O presidente da Câmara defendeu o endurecimento de penas para o enfrentamento ao tráfico de drogas e de armas.
— Acho que o endurecimento da legislação é muito importante. É preciso uma legislação que sinalize para a sociedade que o crime não vai compensar no Brasil — disse Maia.
Ele afirmou que a tendência é que o projeto enviado pelo ministro da Justiça, Sergio Moro, que trata do tema seja apensado a outro construído pelo ministro Alexandre de Moraes, do Supremo Tribunal Federal.

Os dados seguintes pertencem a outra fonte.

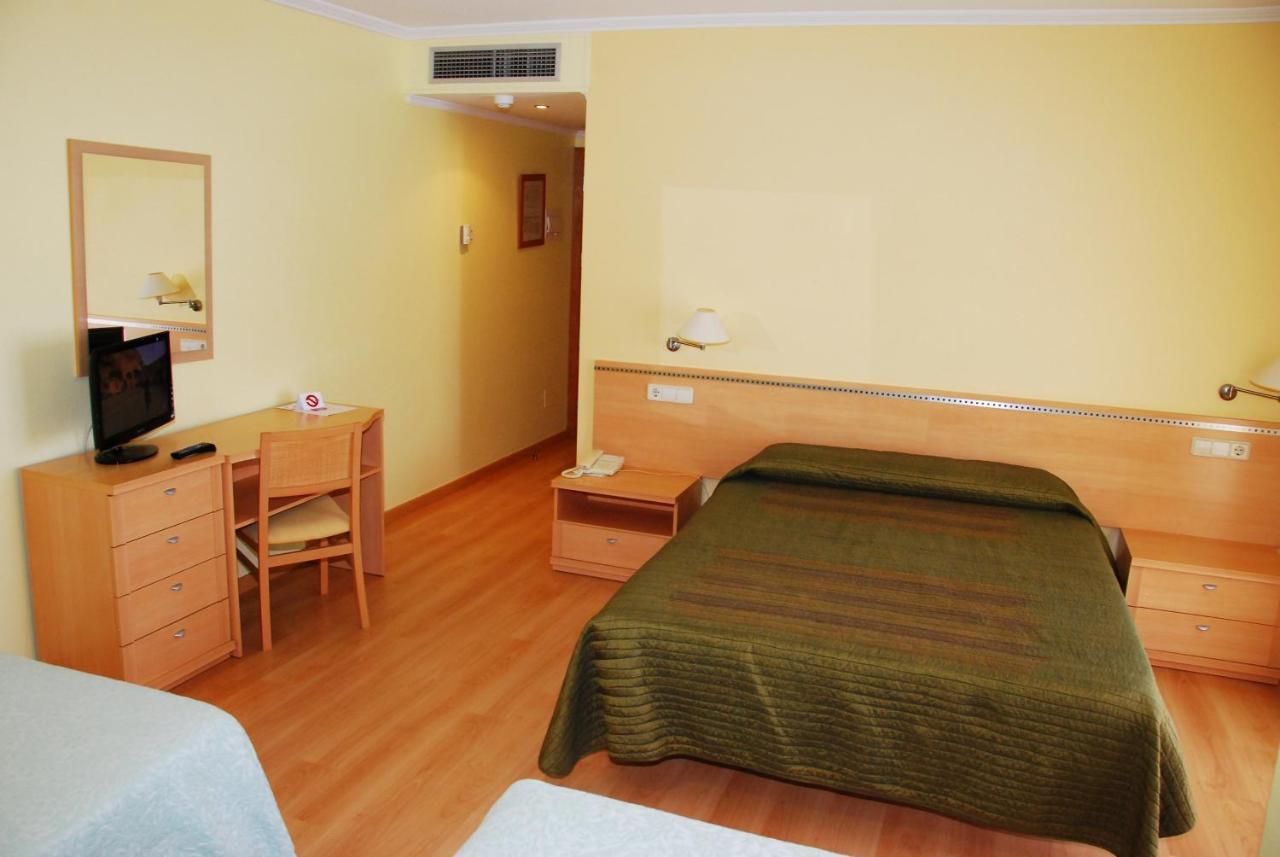 Hotel Villa Juanita โอโกรเบ ภายนอก รูปภาพ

Mas ressaltou ainda não ter tomado essa decisão nem definido a tramitação das medidas.
— É muito difícil que um não seja apensado ao outro. No enfrentamento ao crime organizado, há muitas coisas em comum. Inclusive, alguns artigos o ministro Moro pegou do ministro Alexandre de Morais. Não me parece justo um projeto anterior, que deu origem a alguns artigos do posterior, ser suprimido para apoiar o posterior. Não é uma questão de autoria. É uma questão de enfrentamento ao crime organizado. É preciso analisar. Ainda não está definido. Estamos discutindo: se vai apensar ou não e a melhor tramitação. Se vamos ter comissão especial, debates com juristas antes, para que dê tempo para a Previdência andar antes — afirmou.